Material provided:
_ _ _ _ _

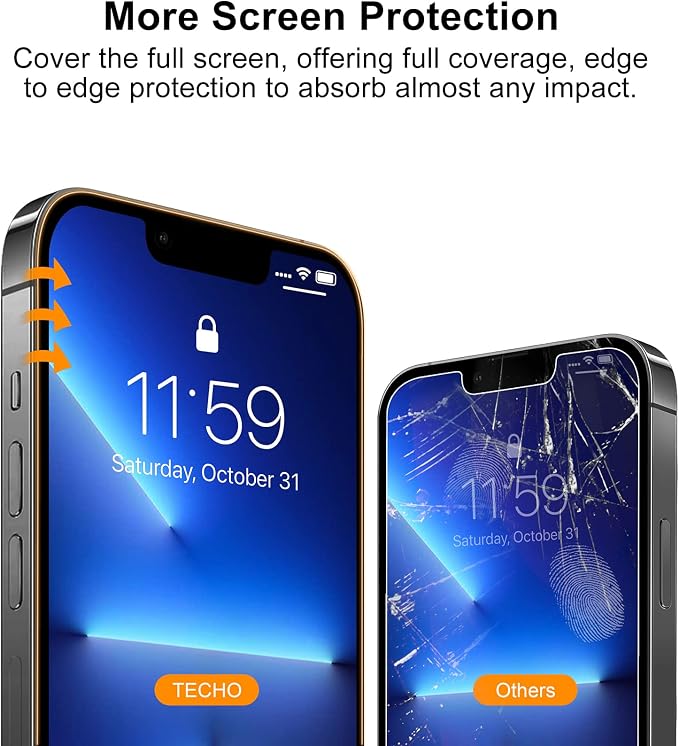 TECHO Privacy Screen Protector Compatible with iPhone 14 Plus/iPhone 13 Pro Max Tempered Glass Film (Edge to Edge Full Coverage) (Anti Spy) (Case Friendly) (2 PACK) (6.7 inch)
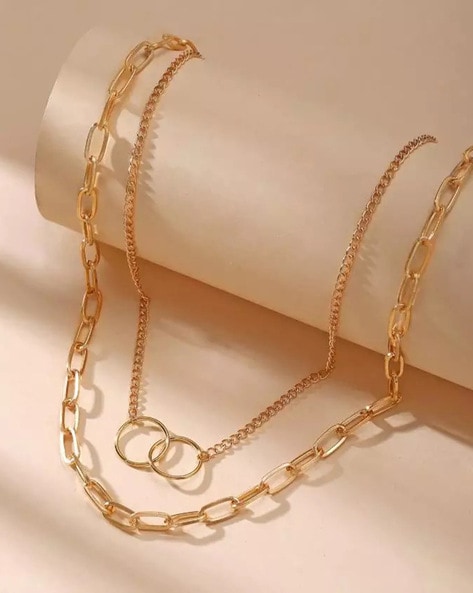Dual Jhalar Gold Necklace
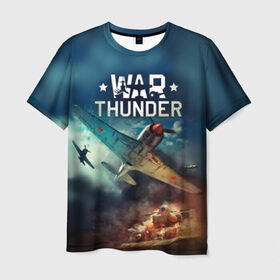 Мужская футболка 3D с принтом Гром войны в Новосибирске, 100% полиэфир | прямой крой, круглый вырез горловины, длина до линии бедер | Тематика изображения на принте: war thunder | гром войны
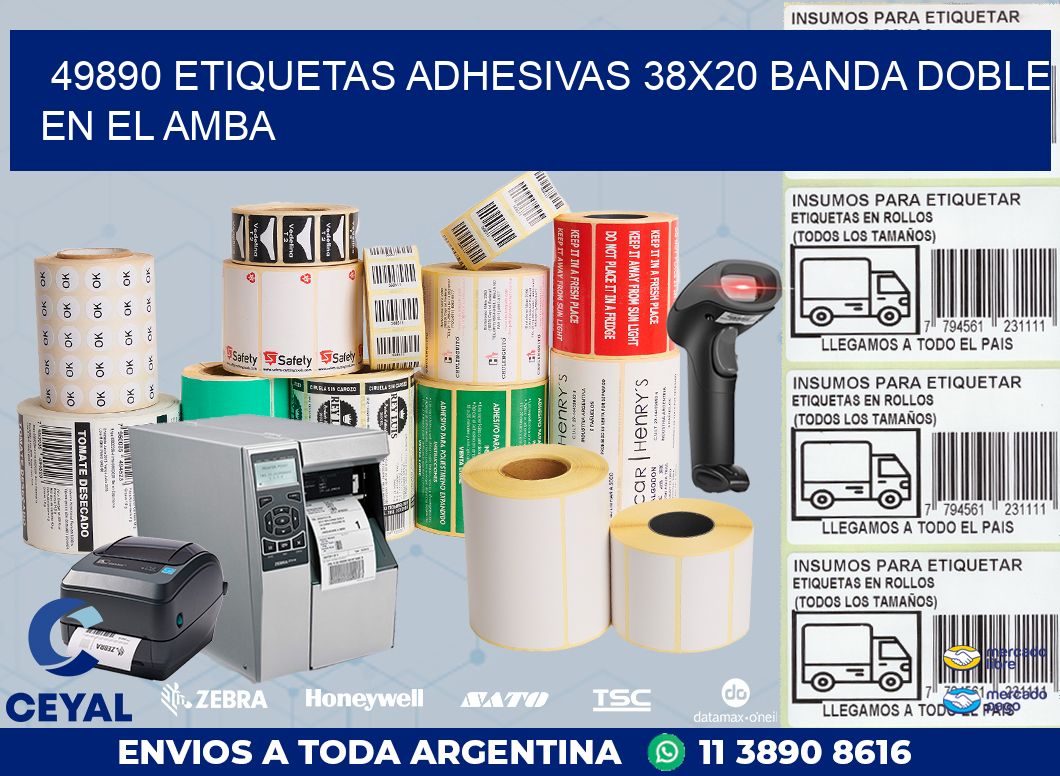 49890 ETIQUETAS ADHESIVAS 38X20 BANDA DOBLE EN EL AMBA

_ _ _ _ _

Exercise prompt: Without including any picture, output all the material exactly as it appears.

Solution to this task:
 TECHO Privacy Screen Protector Compatible with iPhone 14 Plus/iPhone 13 Pro Max Tempered Glass Film (Edge to Edge Full Coverage) (Anti Spy) (Case Friendly) (2 PACK) (6.7 inch)
Dual Jhalar Gold Necklace
 Мужская футболка 3D с принтом Гром войны в Новосибирске, 100% полиэфир | прямой крой, круглый вырез горловины, длина до линии бедер | Тематика изображения на принте: war thunder | гром войны
 49890 ETIQUETAS ADHESIVAS 38X20 BANDA DOBLE EN EL AMBA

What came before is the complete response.